When my second husband and I moved to Cornwall in 2008, I took a creative writing course and joined a writers’ group. I was 59. I transcribed the notebooks to ‘Word’ and the members of the group were very helpful in critiquing my work and loved the story. I chose to keep it in diary form with flashbacks and approached various agents and publishers but was always met with the same answer – you’re not famous so who would want to read your memoir? They were not prepared to take the risk of publishing my work unless it was a safe bet. Time was running out – it had taken me twenty years to get the manuscript into a publishable state, so in 2017 I took the bull by the horns and decided to self-publish. This was a steep learning curve but I felt very proud of myself when I finally held NO ONE COMES CLOSE in my hand! Since September 2017 I have had some wonderful comments from my readers and eleven 5 star reviews.


3) Tell me about your publishing journey step by step – what happened once the book was finished?

As I have said, I was disappointed every time a publisher or literary agent turned me down but I was determined I wasn’t going to give up. It took me three days to structure the book in the required format for CreateSpace. I then had to go through all the requirements it takes to actually display the book for sale on Amazon. Being a complete novice at all these stages I then had to market and promote my book. This I find harder than writing the book, formatting it and publishing it!

After the success of this book I decided to publish my début novel WHERE THERE’S A WILL. This is a rom-com set in South East London that started life at one of the creative writing evenings in 2008 when we were asked to create a character and put them in a situation:

‘Struggling to pay the bills and unsure of her future, Jess thinks all her dreams have come true when she meets Giles Morgan, a wealthy lawyer, who stumbles in front of her motionless car one Monday morning.
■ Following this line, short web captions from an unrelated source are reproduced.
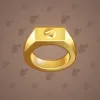 Signet Ring #13221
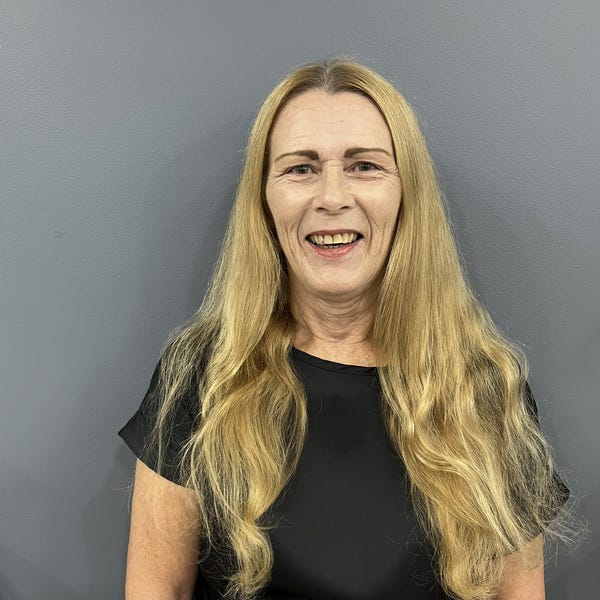 Donna Usher Elders Hervey Bay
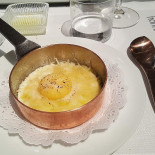 Ora D'aria Nourriture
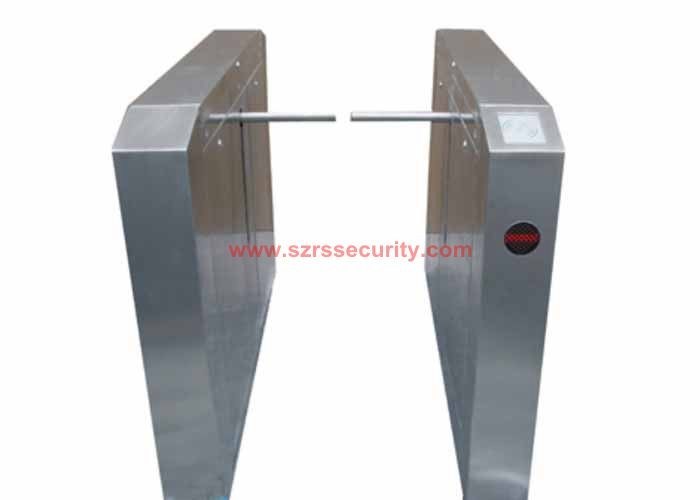 Produk Bevel IR Sensor Jatuhkan Arm Barrier Passager managerment Chanel Security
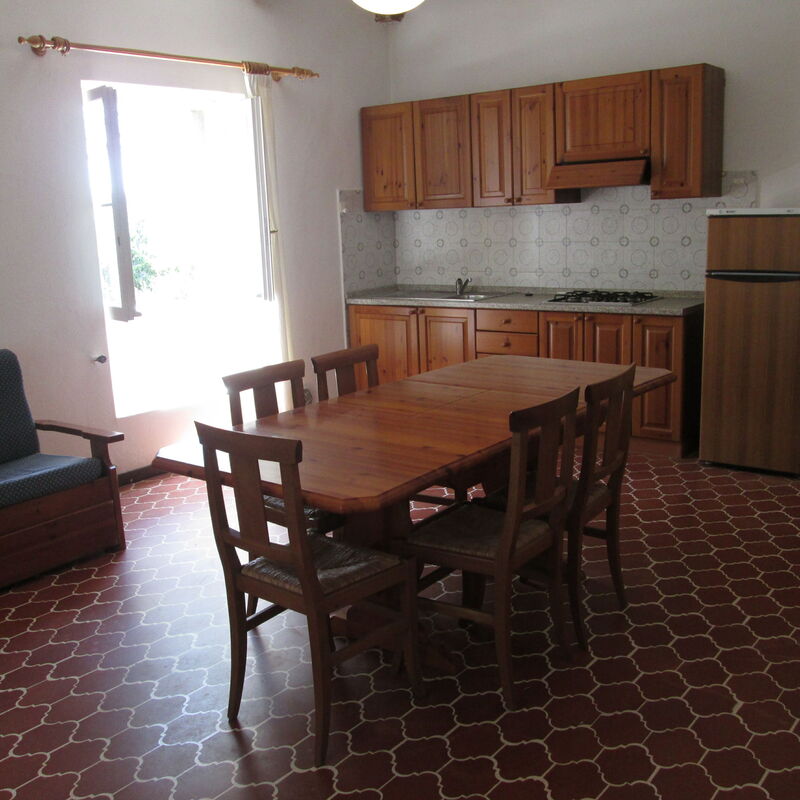 Giannella Holiday Apartment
Eddie, Jess’s former boyfriend, has never stopped loving her or given up hope of them getting back together but he can’t give Jess the lifestyle she craves.

Will Jess listen to her heart of choose a life of luxury?’

Having self-published once I didn’t bother taking the traditional route. Now I have two books on Amazon.


4) Who or what has helped you the most in becoming a published author?

Without a doubt the most help I received was from the critique group in Cornwall. It’s so important to belong to a writers’ group, I cannot stress this enough. Writers are, by nature, very solitary beings and writing ‘in the dark’ you’re never sure how your work will be received until someone reads it. The members of the group were invaluable in spotting things I’d missed and we discussed the story structure, format and dialogue. I looked forward to my turn to have my work critiqued and was very heartened by their favourable comments. Although online groups have their place, face-to-face writers groups are far better. It helps tremendously to be able to talk to others and hear their reactions.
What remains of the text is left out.